Once the SID column obtains a “[sid]” tag which indicates that the column is the SID (See Figure 3). The data set can be saved with the SID choosen and once it is re-loaded HUGIN will read the tag and know that it is the SID.
Transform Sequences to cases for learning¶
Once the SID column has been pointed out, the option “Transform dataset to cases for learning” becomes available (See Figure 3). This option transforms the dataset into a new dataset in which each sequence is represented as individual cases. The number of columns will correspond to the original number of columns times the number of observations in the longest sequence.
The transformed dataset opens in a new data frame (See Figure 6). The data set can now be inspected, propagated or saved and opened using the Learning Wizard.
Classifier Performance on Sequences¶
With a SID column, the Classifier Performance tool has been extended with ability to evaluate classification of sequences. In this tool, sequences are assumed to appear in sequence and not as individual cases as above. The Classifier Performance tool is accessed by right-clicking on a cell in the data matrix and then selecting “Classifier Performance”.

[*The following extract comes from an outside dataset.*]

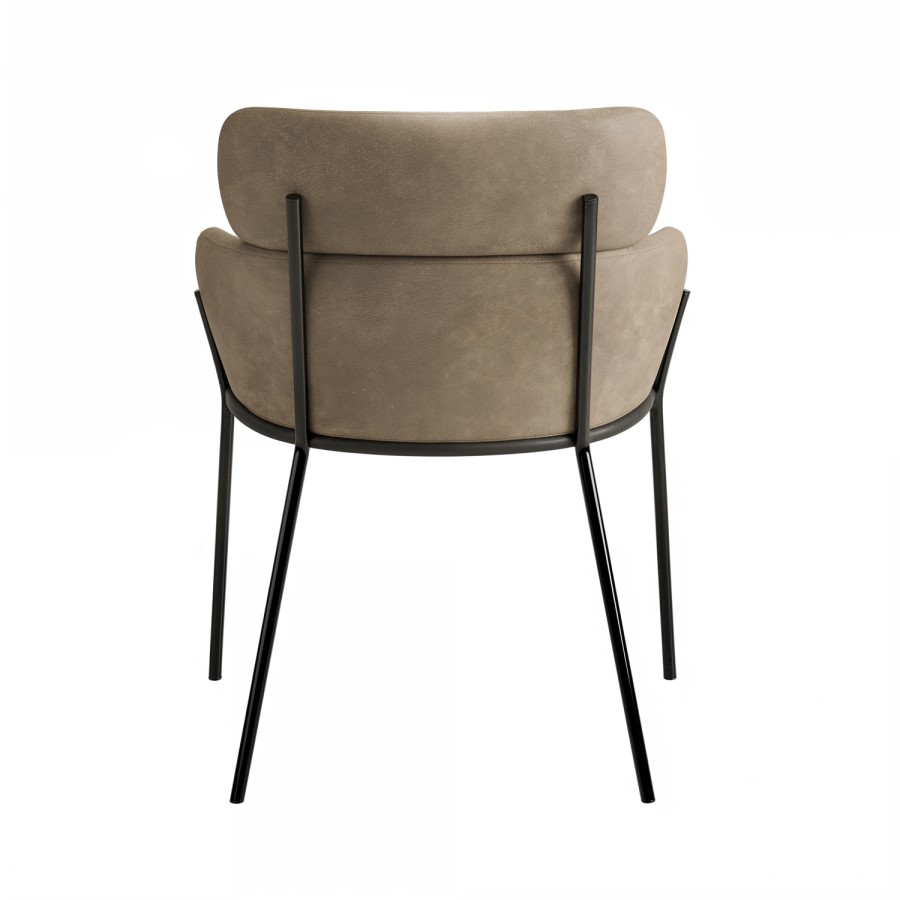 Set of 6 Beige Faux Leather Curved Dining Chairs - Isla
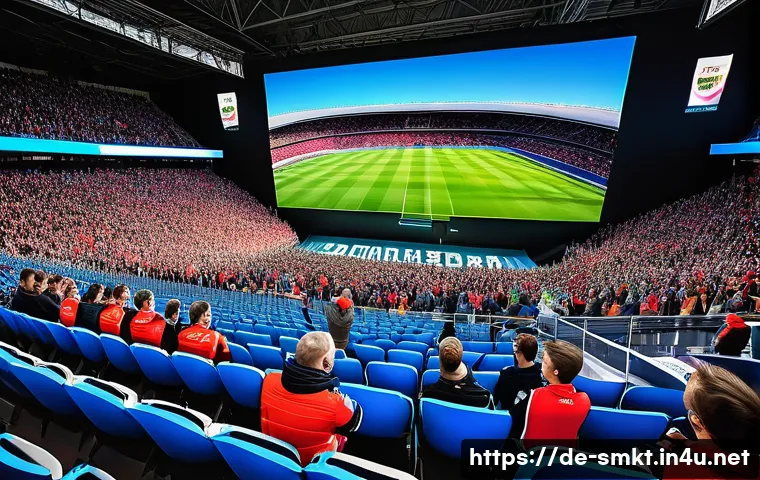 스포츠마케팅 이벤트 운영과 팬 충성도 향상 - A vibrant sports marketing event scene in a modern German stadium, showing diverse fans actively eng...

In the “Multistate Classifiers” tab notice that the “Configure Sequences” button is now visible. It becomes visible when a SID column is selected on the dataset (See Figure 7).
Under “Actual Class” select the column containing the actual class in the data set (See Figure 8). As soon as a column is selected HUGIN tries to “guess” the columns containing the probabilities of each states. HUGIN’s guess can be reviewed and modified in the “Columns with State probabilities” panel. The guess is based on a penalizing algorithm that assigns lowest penalty to columns with names matching “P([.]?=StateName from Actual Class)”, where [.]? is any pattern containing at least 1 character. Arbitrary text can be appended, but it will increase the penalty.
The classification evaluation method can be configured under “Configure Sequences”. Here there are 2 options:
Use Threshold: Classification mode that assigns the sequence to a class as soon as the probability of one class anywhere in the sequence is above a selected threshold (See Figure 9).
Use Last Case: Classification mode that considers the state probabilities of the last case in the sequence only (See Figure 10).
Click on “Calculate” to calculate the result. The text in the frame explains what the evaluation has counted. Notice that you may need to scroll in order to read all results and be aware that not all data may be included in the confusion matrix. The latter is due the the possibility of a sequence belonging to multiple classes. Such cases are summed up in the results below the confusion matrix.
A click on the button “Analyze Result” will open a new dataframe containing the data used for the construction of the confusion matrix and the count of multi-classifications. This dataset is opened in a new frame. It contains the following columns:
Sequence id
Sequence index in original data set
Sequence’s true class
List of classes the particular sequence was assigned to
For each class C, the relative index in the sequence where the sequence was recognezed as belonging to C.